Similar idea with numpy.where:

mask = df.isna()
m = mask.mean(axis=1) * 100 < threshold
arr = np.where(mask & m.to_numpy()[:, None], 
               df.median(axis=1, skipna=True).to_numpy()[:, None], 
               df)

df1 = pd.DataFrame(arr, index=df.index, columns=df.columns)

threshold = 80

a = df.to_numpy()

mask = np.isnan(a)
m = np.mean(mask, axis=1) * 100 < threshold
arr = np.where(mask & m[:, None], np.nanmedian(a, axis=1)[:, None], df)

df1 = pd.DataFrame(arr, index=df.index, columns=df.columns)

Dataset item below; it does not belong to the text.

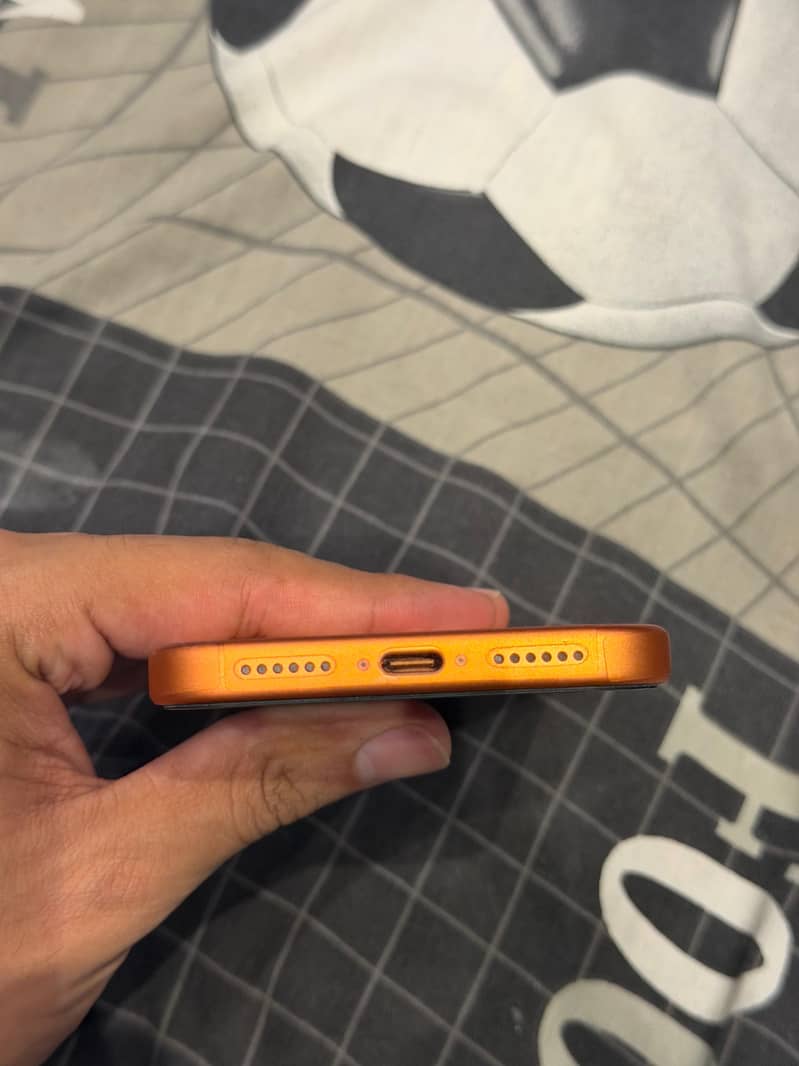 Apple iPhone 17 Pro Max 2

print (df1.equals(df.apply(impute_row_median, axis=1, threshold=80)))
True

Performance comparison (10k rows, 50 columns):

np.random.seed(2023)
df = pd.DataFrame(np.random.uniform(0, 1, size=(10000, 50)))
df = df.mask(df < 0.5)

In [130]: %timeit df.apply(impute_row_median, axis=1, threshold=80)
2.12 s ± 370 ms per loop (mean ± std. dev. of 7 runs, 1 loop each)


In [131]: %%timeit
     ...: a = df.to_numpy()
     ...: 
     ...: mask = np.isnan(a)
     ...: m = np.mean(mask, axis=1) * 100 < threshold
     ...: arr = np.where(mask & m[:, None], np.nanmedian(a, axis=1)[:, None], df)
     ...: 
     ...: df1 = pd.DataFrame(arr, index=df.index, columns=df.columns)
     ...: 
29.5 ms ± 330 µs per loop (mean ± std. dev. of 7 runs, 10 loops each)

In [132]: %%timeit
     ...: threshold = 80
     ...: 
     ...: mask = df.isna()
     ...: m = mask.mean(axis=1) * 100 < threshold 
     ...: df1 = df.mask(mask & m.to_numpy()[:, None],df.median(axis=1, skipna=True),axis=0)
     ...: 
18.6 ms ± 118 µs per loop (mean ± std. dev. of 7 runs, 100 loops each)

In [133]: %%timeit
     ...: mask = df.isna()
     ...: m = mask.mean(axis=1) * 100 < threshold
     ...: arr = np.where(mask & m.to_numpy()[:, None], 
     ...:                df.median(axis=1, skipna=True).to_numpy()[:, None], 
     ...:                df)
     ...: 
     ...: df1 = pd.DataFrame(arr, index=df.index, columns=df.columns)
     ...: 
     ...: 
10.2 ms ± 230 µs per loop (mean ± std. dev. of 7 runs, 100 loops each)